Only when such larger politics frames our protest against state censorship or our demand for transparent regulation would they be effective in becoming something more than effete editorials written by well-meaning editorial writers in the mainline press.

Such a political approach also implies, and I believe that’s by now clear, the creation of alternative media, and popular cultural-political initiatives that want to change the world, not merely interpret it. Such initiatives, of which the alternative media would be the instrumentality, would be a movement that intends to heal the producer-consumer breach, and turn passive audiences into active participants in the production of politics, and a horizontal, non-hierarchical political economy of non-exploitation.

Such cultural-political initiatives must not, however, be confused with reified models of Soviet-style socialist realism and Proletkult. We already have far too much of useless, status-quoist ‘janwadi’ cultural-political artefacts, like the hoary street theatre, being churned out by various cultural fronts of equally various communist parties. Instead, we would do well to recall Walter Benjamin’s words: “Rather than ask, ‘What is the attitude of a work (of art) to the relations of production of its time?’ I should like to ask, ‘What is its position within them.'” No longer do the cultural-political initiatives of the Indian Left exhibit their original awareness of how their techniques of production, or the forms of representation that resulted from those production processes are in sync with the socialisation of production that this left seeks to establish.

To put it briefly let’s modify a little a maxim of historian E. P. Thompson: “There can be no culture without struggle.” Certainly not for the Marxists.

But this politics of struggle is not just somewhere outside. It is, in fact, situated, on point where the inside inflects with the outside. The inside in this case being people like us: journalists yes, but more importantly media workers.

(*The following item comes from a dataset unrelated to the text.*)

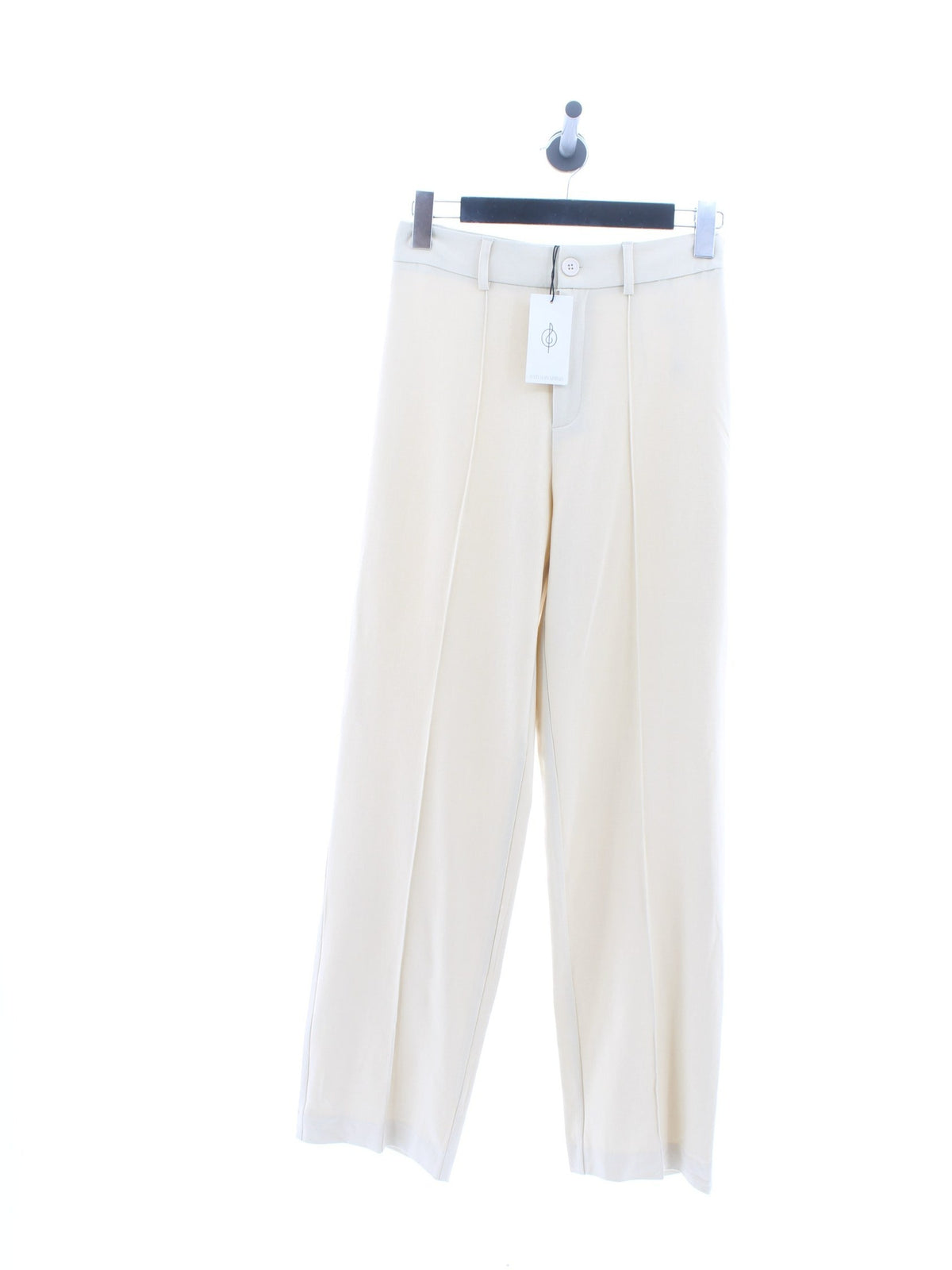 Spodnie Eleganckie Stradivarius Rozmiar: 36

I’m not very experienced in matters organisational and will, therefore, refrain from trying to come up with an organisational plan. But I will certainly stress the need for a media workers” organisation, which would contemplate its revolutionary politics in terms of struggles within their place of work. These struggles must not focus merely on gaining more wages and/or more time for leisure, but, more importantly in this conjuncture, control over their production process.

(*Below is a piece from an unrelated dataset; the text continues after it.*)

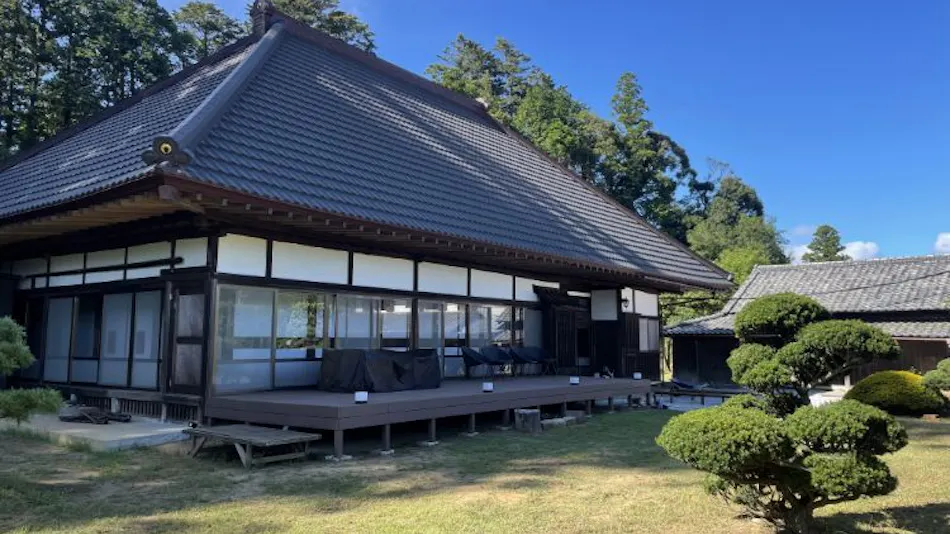 Daisankawa Residence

Pothik Ghosh is a professional journalist with The Economic Times. He has long been involved with various grassroots organisational efforts and Marxist study circles in India.

Notes:

(1) The “crisis of representation” has been explicated well by Marx in his ‘The 18th Brumaire of Louis Bonaparte’; and later by August Thalheimer and Trotsky while theoretically dealing with the ascendancy of Nazism. The resemblance with India of the past, at least, three decades is uncanny.